La Sem de transport VFD, dont le Conseil général de l'Isère est actionnaire majoritaire, fait face à une dégradation de sa situation financière liée à son manque de compétitivité, dans un contexte économique difficile et un environnement de plus en plus concurrentiel. Elle a clôturé ses exercices 2012 et 2013 avec une perte. En 2012, le Conseil général a procédé à une première augmentation de capital de 764 000 € au côté des autres actionnaires, et a conditionné la suite de son accompagnement financier à la mise en œuvre d’un plan de redressement visant à rendre la SEM compétitive et à rétablir durablement l’équilibre de ses comptes. Le 30 mai 2013, le conseil d’administration des VFD a adopté un plan de mesures structurelles portant sur l’ensemble des composantes de l’entreprise : ajustement des effectifs, organisation du travail, optimisation du parc des véhicules et de leur maintenance…Le 20 juin 2013, au vu des mesures de redressement de la SEM, le Conseil général a décidé un accompagnement sous deux formes : l’octroi d’une avance remboursable de 5 M€, pour faire face à son déficit de trésorerie et au financement ponctuel des mesures sociales du plan de redressement ; sa participation à une augmentation de capital de 5,4 M€, partagée avec les actionnaires privés, dont la première tranche a été décidée en décembre 2013 à hauteur de 3,72 M€ (dont 3,15 M€ par l’apport des 174 cars issus de l’ancienne régie des VFD qu’il loue actuellement à la SEM). Pour sa part, la SEM a engagé à partir de mi 2013,  un plan de restructuration de son activité comprenant : un plan de sauvegarde de l’emploi débouchant sur la suppression de 25 postes, la dénonciation et la renégociation des accords et usages en vigueur dans l’entreprise,une réorganisation de l’ensemble de ses services, une démarche d’implantation d’un esprit de rentabilité, une relation régulière avec ses actionnaires. A ce jour cette démarche délicate est portée par un nouveau président et un nouveau directeur général, respectivement Thierry Auboyer et  Alain Leigné. La CRC a examiné en 2013 la gestion de la SEM sur la période 2006-2011 (avant la mise en œuvre du plan de redressement). Les remarques qu'elle a formulées, reprises par la Cour des comptes, ont retenu toute l’attention du binôme de gouvernance et ont été intégrées dans le plan de restructuration de la SEM VFD. La survie de la SEM VFD dépendra de ses capacités à être compétitive.

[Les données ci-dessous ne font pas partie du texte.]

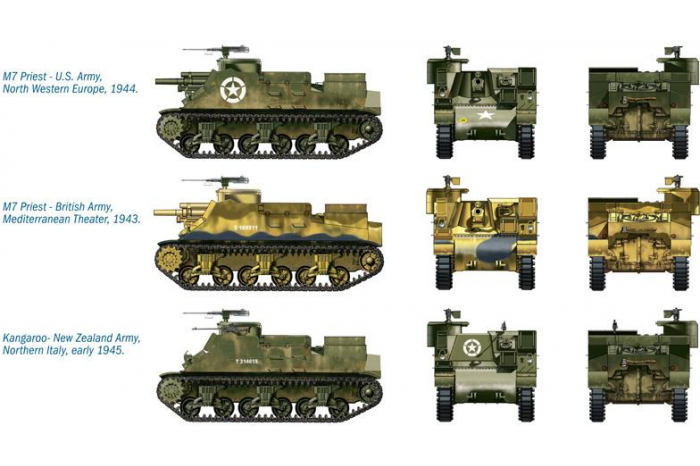 Fast Assembly military 7513 - M7 PRIEST / KANGAROO (1:72)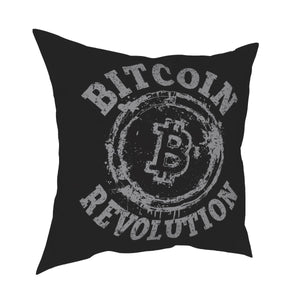 Bitcoin Revolution Throw Pillow Cover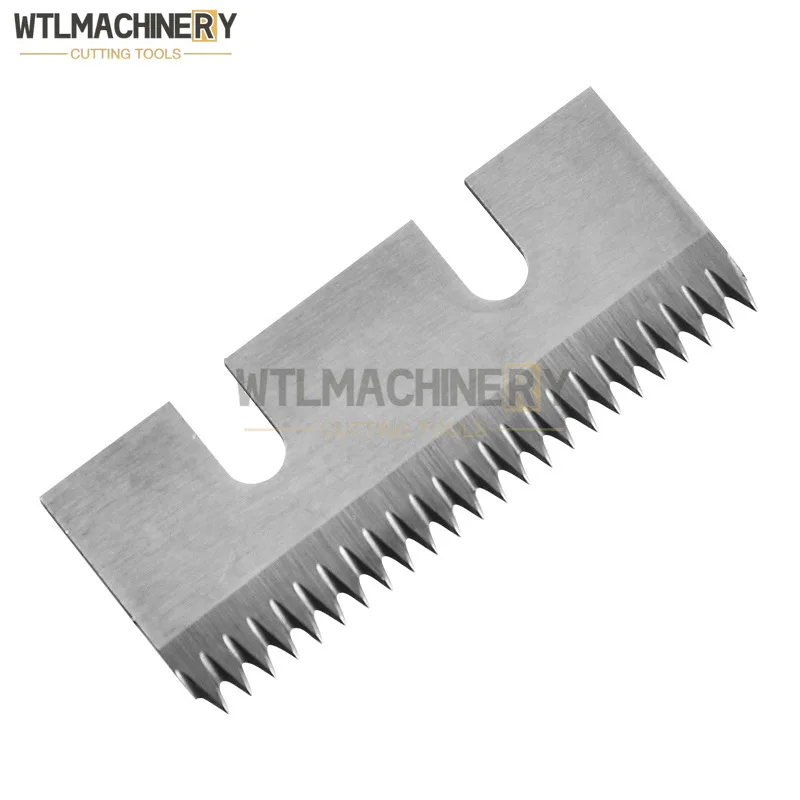 10 pçs aferidor de caixa faca de dente de aço de alto carbono semi auto fita adesiva selador de caixa lâmina de dente lâminas de máquina de selagem - Image 2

Voies ferrées du Dauphiné - Fiche d’identité

La société des Voies ferrées du Dauphiné a été créée en 1894, et racheté par le conseil général de l’Isère en 1921 qui crée la régie des VFD. Ses activités sont le transport collectif départemental de personnes par la route, avec 32 lignes régulières TransIsère, 6 lignes au sein d’intercommunalités, des lignes vers Lyon, Chambéry, Genève aéroport etc. Le capital de VFD est détenu à 80 % par le Conseil général de l'Isère, 15 % par le groupe Keolis, opérateur de transport public en France et dans le monde, ainsi que 5 % par le Crédit Agricole et divers. 572 salariés-39.3 M€ chiffre d'affaires HT-335 véhicules-8,2 ans âge moyen du parc-11 065 143 kilomètres parcourus.